OK, it wasn’t the KU dominance as much as Sands, along with linebacker Nick Reid, entering the schools’ Ring of Honor that had Sands in tears. Their names join the likes of Ray Evans, John Hadl, John Riggins and Gale Sayers outlining Memorial Stadium.

The tributes were fitting for former conference players of the year: Sands in 1991, for a career that was punctuated by a then NCAA-record 396 rushing yards against Missouri; and Reid, a dominant defender who defined the hard-nosed Jayhawks in the mid-2000s.

The presence of their coaches added to the occasion. Mark Mangino and Glen Mason, the program’s winningest coaches since 1910, addressed the team on Friday evening and stood with the Reid and Sands families at halftime. Had this celebration occurred in most of the previous 15 seasons, the ceremony would easily have been the highlight of the day.

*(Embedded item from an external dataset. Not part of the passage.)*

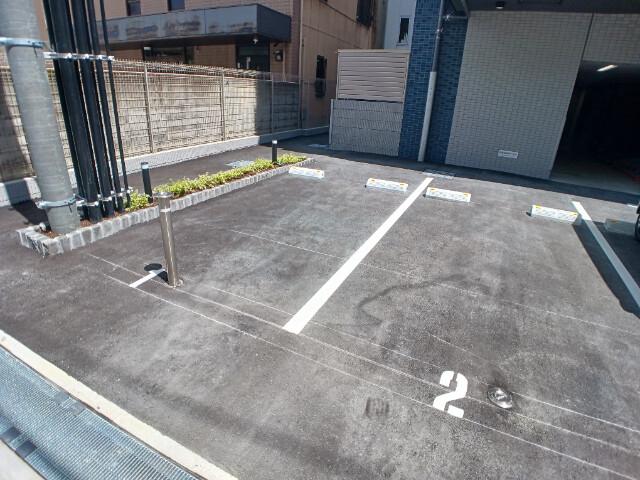 28/30 駐車場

Not now, and not with this coach. The trajectory of the Jayhawks under Lance Leipold feels precisely like that of Mason and Mangino. Mason needed three seasons starting in 1988 to dig out of the muck before turning a winning season. Mangino’s second team went bowling. Both coached teams that finished in the top 10 and were multiple bowl winners.

They’ve remained friends of the program in their post-coaching lives, and Mason, who while working as a commentator for the Big Ten Network caught the occasional Buffalo game. His advice to Kansas when the job became available three years ago: “You better hire Lance.”

Mangino’s message to the team on Friday was simple.

“Thank you,” Mangino said. “Thank you for restoring pride in this program.”

Mangino said over the years that he’d hear from and commiserate with his former KU players who suffered through the constant last place Big 12 finishes.

“Now it’s not a situation where it’s embarrassing for those guys,” Mangino said. “They’re happy for their alma mater. I told them it will get better. Well, it got better. Lance showed. Travis showed up.”

That’s athletic director Travis Goff, who last week delivered a letter to Kansas fans imploring their support and challenging them to fill the stadium for the remaining home games. A few empties in the corners on Saturday, but mostly a crowd similar to those in the best of Kansas football days.

Reid is one of those fans. He’s a season-ticket holder who watched plenty of bad teams from the stands.

“There was quite a long period of time, it wasn’t a whole lot of fun to be a KU fan,” Reid said. “Coach Leipold and the kids have it going in the right direction, and I think they’re going to keep it going.”

The Jayhawks improved to 5-1, and this was the most impressive triumph of the season. Kansas looked good early against Illinois and late against BYU. Saturday, as an underdog, the Jayhawks went wire-to-wire behind backup quarterback Jason Bean, a Devin Neal/Daniel Hishaw running game that netted 399 yards and special teams that produced a punt-return touchdown and a kickoff return to midfield.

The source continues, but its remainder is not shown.